Chinese naval officer and former pirate (1783–1822)

Cheung Po Tsai (張保仔; born Cheung Po, also transliterated as Zhang Bao or Zheng Bao; 1783–1822) was a Chinese navy colonel and a former pirate. "Cheung Po Tsai" literally means "Cheung Po the Kid". He was known to the Portuguese Navy as Quan Apon Chay during the Battle of the Tiger's Mouth.

==History==
===Early life===

The Cheng family of the Pirates on the China Sea genealogy

Cheung Po (張保) was born in 1783. He was a son of a Tanka fisherman who lived in Xinhui of Jiangmen.

===Piratical career===
Around 1798, he was abducted at age 15 by the pirate Cheng I (鄭一), who pressed him into piracy.

His natural talent helped him adapt to his unplanned new career and he rose through the ranks swiftly. Cheung Po Tsai was later adopted by Cheng I and Ching I Sao (鄭一嫂); "wife of Cheng I"; married 1801) as their step-son, making him Cheng's legal heir.

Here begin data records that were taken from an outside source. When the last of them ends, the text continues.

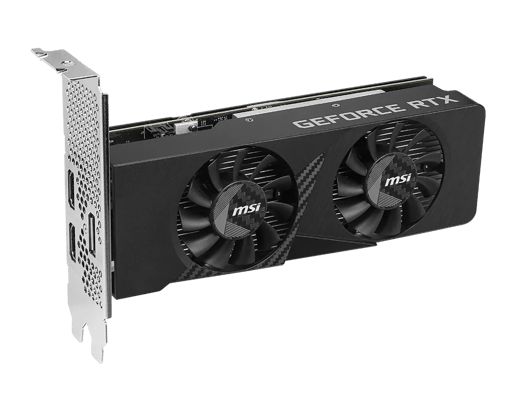 MSI GeForce RTX 3050 LP OC 6GB GDDR6 Low Profile Graphics Card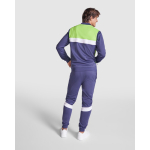 Sportjas van polyester met rits 240 g/m² Roly Direct Leros kleur groen derde gebruiksweergave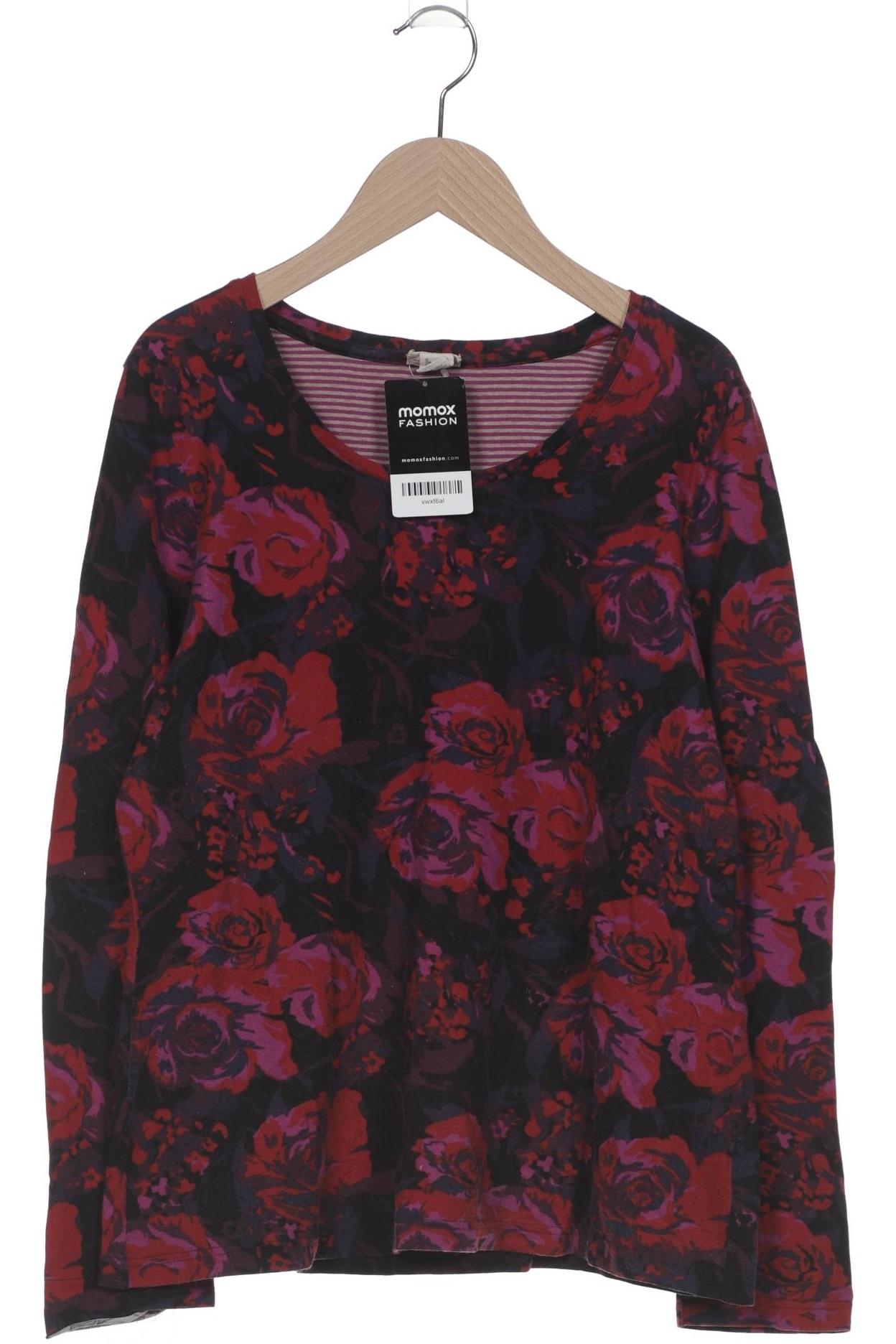 

hessnatur Damen Langarmshirt, mehrfarbig, Gr. 40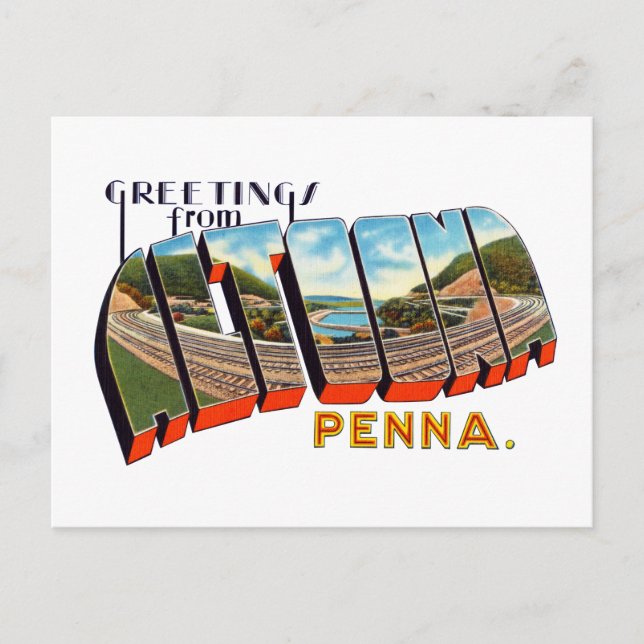 Altoona Pennsylvania Postcard (Front)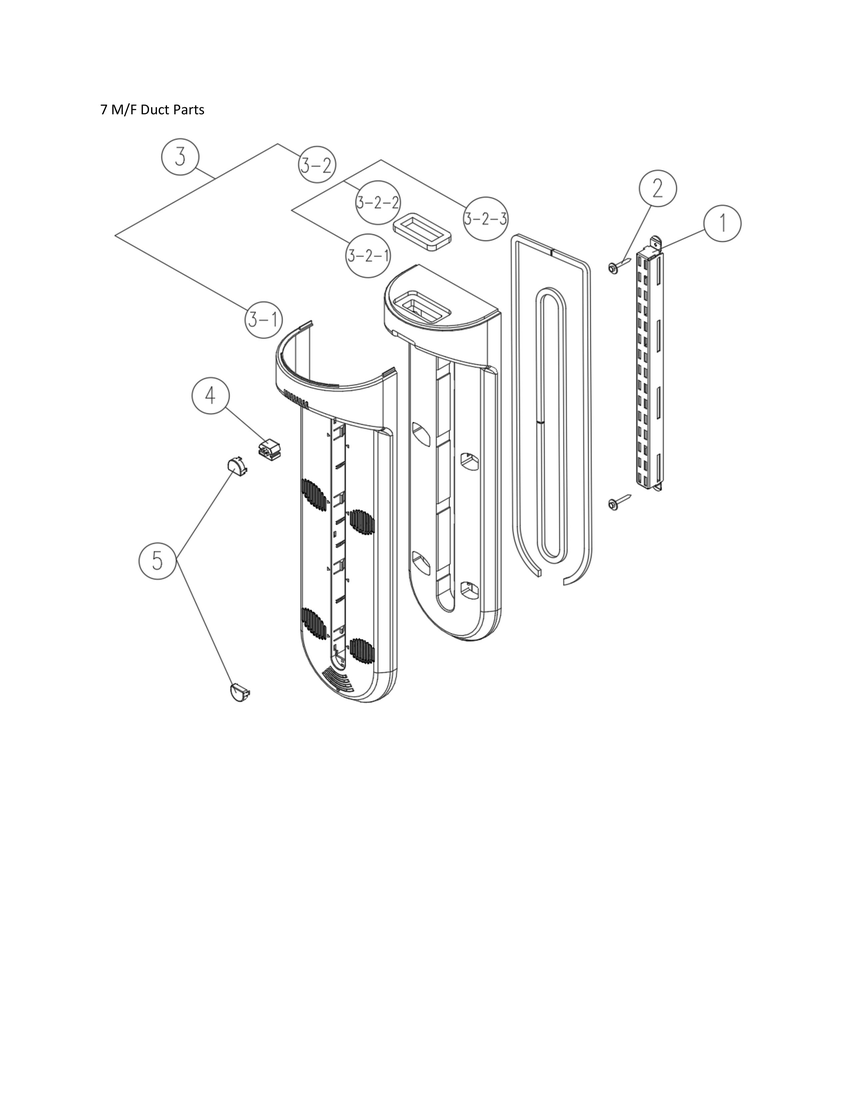 Mf duct parts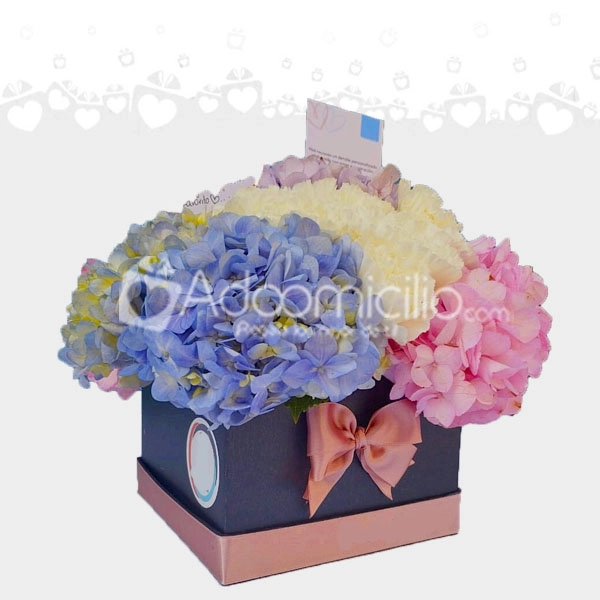 Arreglo Floral Con Hortensias A Domicilio En Ibagué 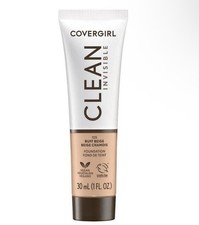 Covergirl Vegan Clean Foundation Invisible 125 Buff Beige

Cheung Po Tsai's piracy mate and lieutenant was Cai Qian (蔡牽) and the two worked together. Cai Qian had strong connections to the Western weapon dealers as his wife Lu Shi (呂氏 (吕氏); "Mrs. Lu"), best known by her nickname Cai Qian Ma (蔡牽媽; "wife of Cai Qian"), was fluent in English and an expert in Western weaponry.

===Rise to command===
After Cheng I died suddenly in Vietnam in 1807, his widow Ching Shih acted quickly to solidify the partnership with her step-son Cheung Po Tsai. Their first success came when they were able to secure the loyalty of Cheng's relatives, who were leaders in the fleet. They became lovers and shared power.

As Ching Shih's second-in-command, Cheung Po Tsai was active along the Cantonese coast. Their followers were said to have reached 50,000+ and his fleet said to have possessed 600 ships.

The tide began to turn in 1809. The authorities managed to discover that Cai Qian was docked in the coastal town of Wuzhen, Zhejiang province. The new naval leaders of Fujian and Zhejiang, Wang Delu and Qiu Lianggong, blockaded him into the port and attacked, sinking Cai Qian's ship and killing him.

===Battle of the Tiger's Mouth===

In September and November 1809, the Guangdong Pirate Confederation suffered a series of defeats inflicted by the Portuguese Navy at the Battle of the Tiger's Mouth.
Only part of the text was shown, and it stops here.